EXERCISE AIM: The copy should begin at the line containing "Villa for Sale in Marbella, Malaga 24" and end with the last line below, every line exact and no picture included.

RECORDED INFORMATION:

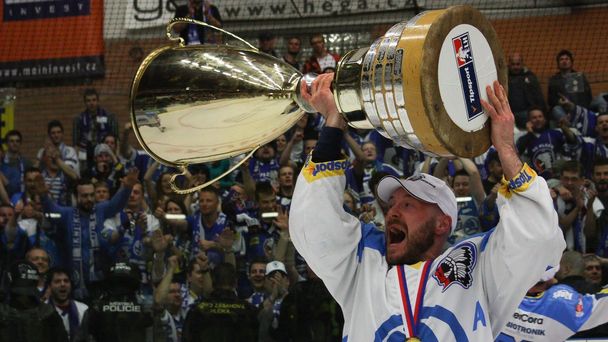 Hokej, Zlín - Plzeň: s mistrovským pohárem (Tomáš Vlasák)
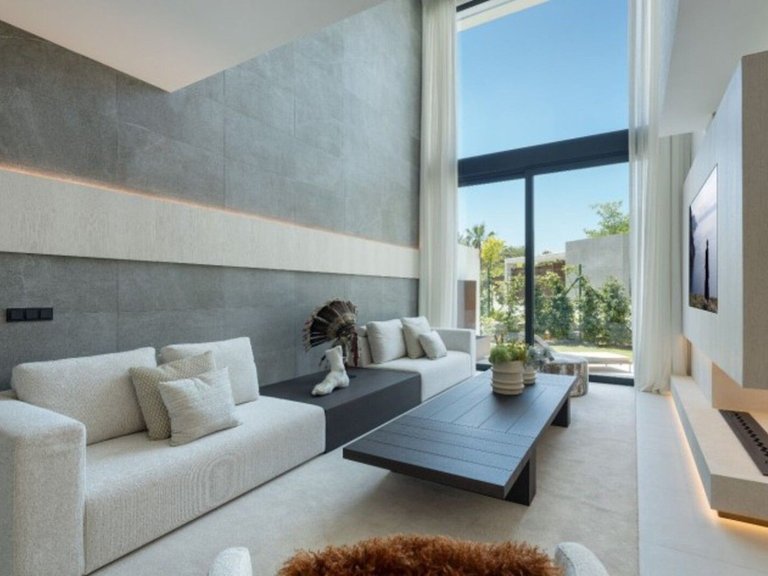 Villa for Sale in Marbella, Malaga 24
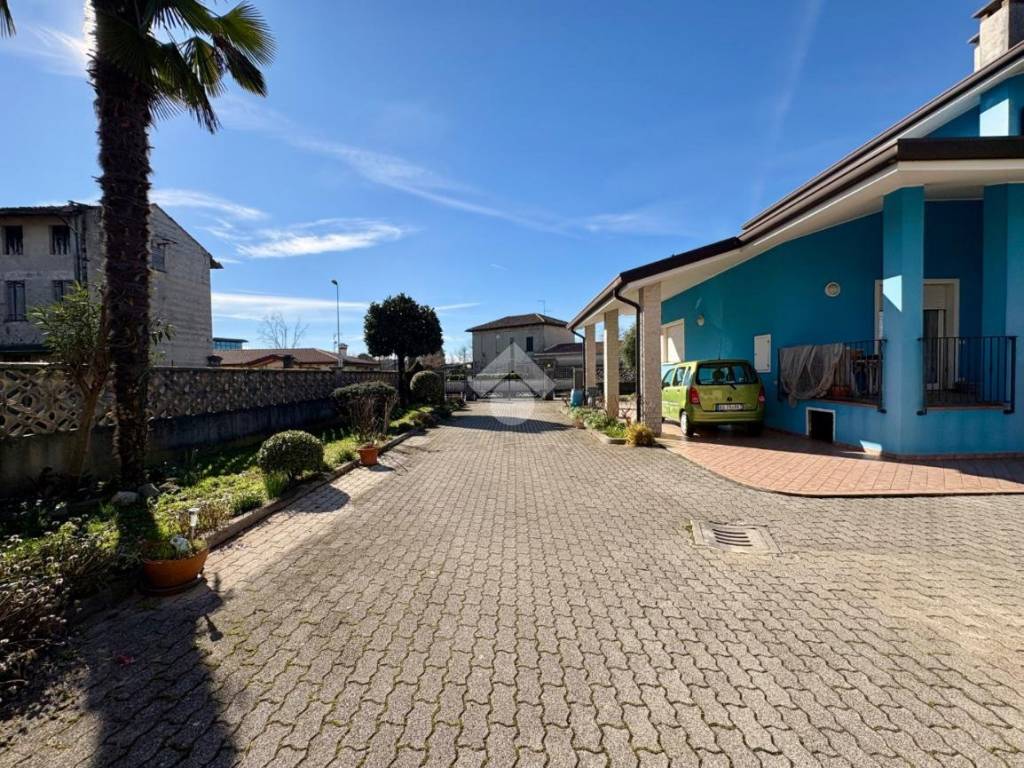 Villa a Sedegliano in Via Giovanni Batta Candotti, 22 - Foto 4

EXERCISE ANSWER:
 Villa for Sale in Marbella, Malaga 24
 Villa a Sedegliano in Via Giovanni Batta Candotti, 22 - Foto 4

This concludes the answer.